L’exécutif souhaite également utiliser davantage le C2P pour permettre aux travailleurs exerçant un métier pénible de se réorienter. Les branches professionnelles devront recenser les métiers les plus exposés aux risques et un fonds de prévention de l’usure professionnelle doté d’un milliard d’euros durant le quinquennat sera mis en place.

La réforme dégagera 18 milliards d’euros en 2030

La réforme des retraites « apportera 17,7 milliards d’euros en 2030 aux caisses de retraite », a indiqué le ministre de l’Économie et des Finances Bruno Le Maire. Ces recettes feront plus que compenser les «  13,5 milliards d’euros » de déficit que le régime de retraite aurait connu en 2030 en l’absence de réforme, selon lui.

D’ici 2030, «  ça permettra de garantir l’équilibre financier de notre système de retraite de répartition », a conclu Bruno Le Maire. « Aucun déficit n’est négligeable. Chaque euro compte pour un État qui a [près de] 3 000 milliards d’euros de dette », a martelé le numéro deux du gouvernement.
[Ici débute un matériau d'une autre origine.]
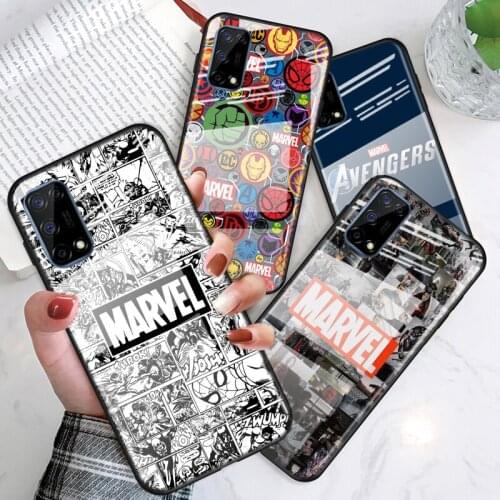 Tempered Glass Cover Marvel Logo AvengersFor OPPO A9 2020 A52 Find X2 Lite Realme 7 7i 6 5 Pro C3 XT Phone Case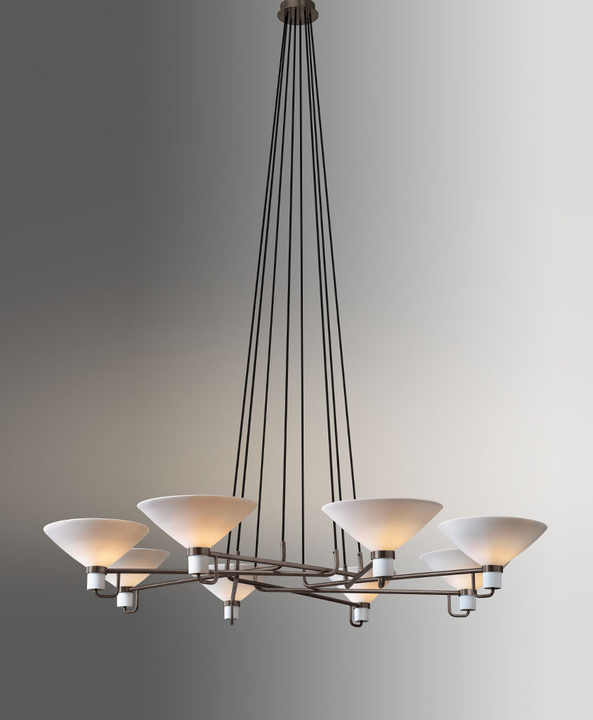 Lauriston Modern Circular Crystal Pendant Chandelier Adjustable Beam Switch Stainless Steel Aluminum Metal for Hotels Apartments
La réforme débattue au Parlement

La réforme des retraites sera débattue au Parlement par l’intermédiaire d’un futur projet de loi de financement de la sécurité sociale rectificatif, a indiqué la Première ministre. « Dans deux semaines, le projet de loi de financement de la sécurité sociale rectificatif (...) sera présenté en Conseil des ministres », le 23 janvier, « puis débattu au Parlement » début février, a relevé Élisabeth Borne.